== Dataset extract ==
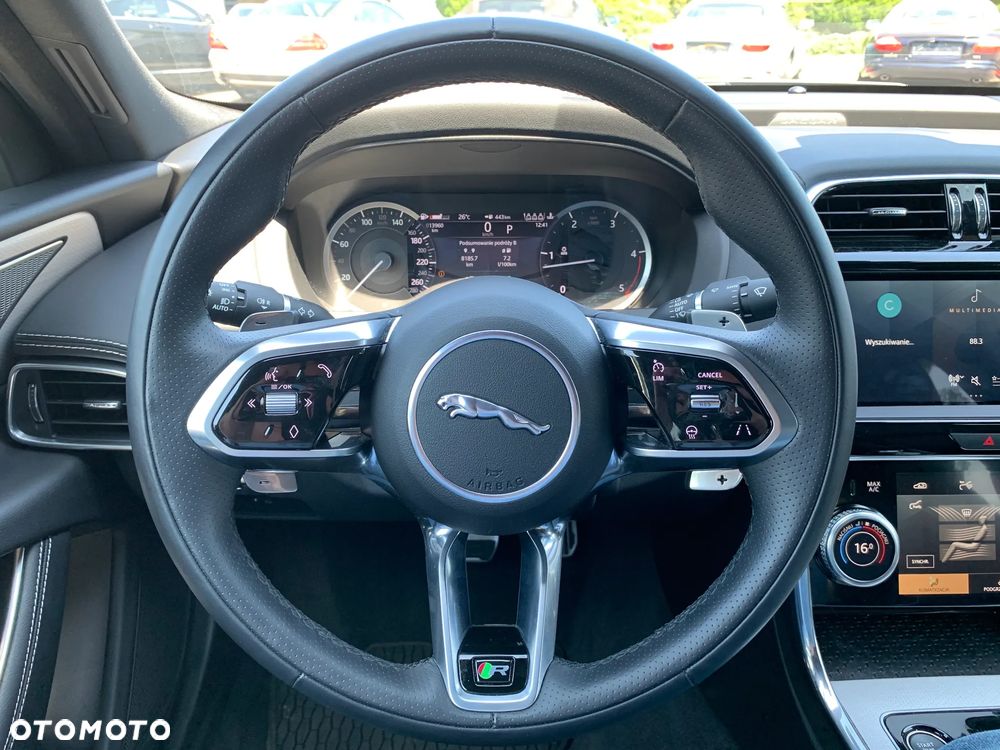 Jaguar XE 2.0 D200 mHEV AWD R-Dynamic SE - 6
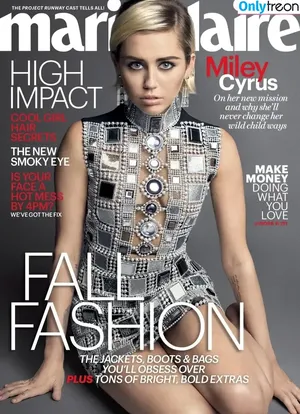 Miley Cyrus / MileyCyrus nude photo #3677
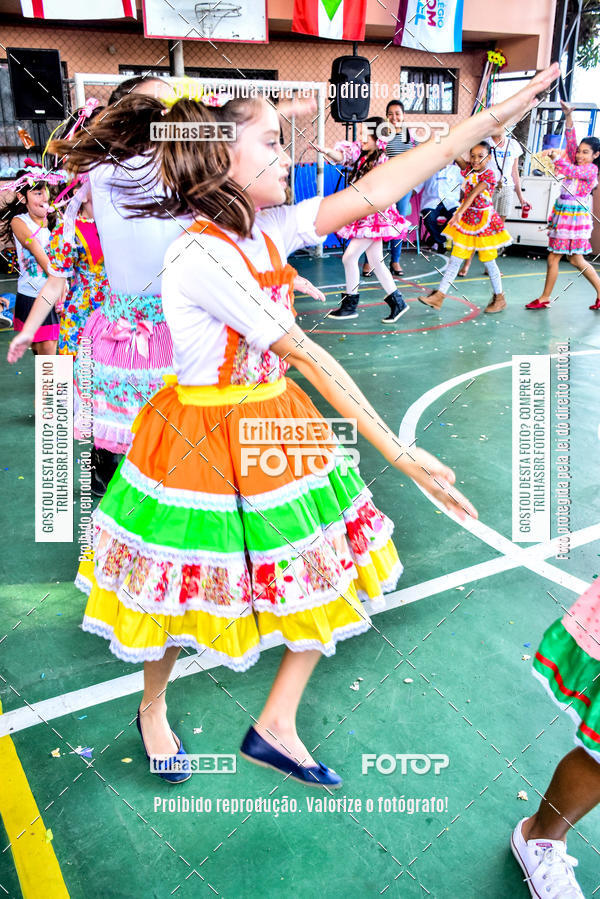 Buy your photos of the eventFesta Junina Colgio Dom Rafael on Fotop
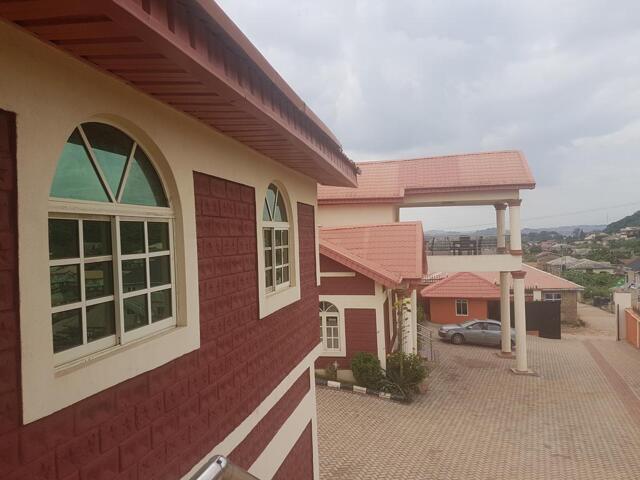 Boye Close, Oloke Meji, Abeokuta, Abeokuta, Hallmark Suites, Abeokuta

== What needs to be done ==
Would you provide an exact, picture-free copy of the data above?

== Finished task ==
 Jaguar XE 2.0 D200 mHEV AWD R-Dynamic SE - 6
 Miley Cyrus / MileyCyrus nude photo #3677
 Buy your photos of the eventFesta Junina Colgio Dom Rafael on Fotop
 Boye Close, Oloke Meji, Abeokuta, Abeokuta, Hallmark Suites, Abeokuta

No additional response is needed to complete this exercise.